Perform sanity testing to check that the new software build works as expected.

Tools that can Help in Production Testing

Testsigma

Testsigma is an no-code test automation platform for automating your end-to-end tests for web, mobile, desktop and APIs. Testsigma is completely cloud-based, thus you are able to author, debug and execute your tests on Testsigma. To execute you can run your tests on devices available on cloud labs or local ones, depending on your choice. It also integrates seamlessly with all popular CICD tools


DataDog

DataDog is a comprehensive monitoring tool with amazing tracing capabilities. This helps a lot in debugging with a very low overhead.

New Relic

A very strong APM tool, which offers log management, AI ops, monitoring and more.

Lightrun

Lightrun is a powerful production debugger. It enables adding logs, performance metrics and traces to production and staging in real-time, on demand. Lightrun enables developers to securely add instrumentation without having to redeploy or restart.

Prometheus

Prometheus is an open source monitoring solution that includes metrics scraping, querying, visualization and alerting. 

Conclusion

Today, majority of software development follows agile methodology. There are certain testing types like functional or non-functional such as CI/CD, A/B testing, Canary/blue/green deployments, usability testing, sanity and smoke testing – which are done in live production environment.

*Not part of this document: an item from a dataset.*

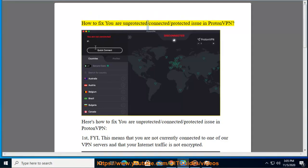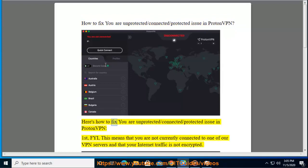How to fix your unprotected/connected/protected issue in ProtonVPN. Here's how to fix your unprotected/connected/protected issue in ProtonVPN.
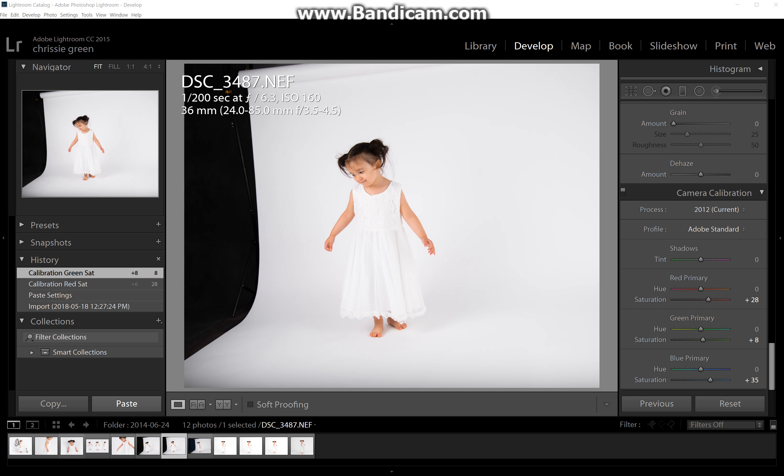But sometimes even something as simple as putting a little PNG flower in your subject's hair or a tiny butterfly in the background can take your picture from great to really great. And it requires nothing more than a couple of clicks. So anyway, without further ado, here's what I'm going to do today.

The main responsibility here is to make sure its done in a safe manner and does not impact the real users.  The goal is that the testing should provide enough information to improve the product and the user experience. The production testing can be done manually or can be automated too.

Frequently Asked Questions

What is an example of testing in production?

Let’s take the example of social media platform facebook; let’s say they added a new feature in the application. They do some testing in test environments and release it for the public to use. While public is using it, they also run some tests on the same application, this testing will be called production testing.

Is testing in production a good idea?

Testing in production can be risky and should only be done if the testers understand the risks and are able to execute the production tests without impacting the usability and performance of the application.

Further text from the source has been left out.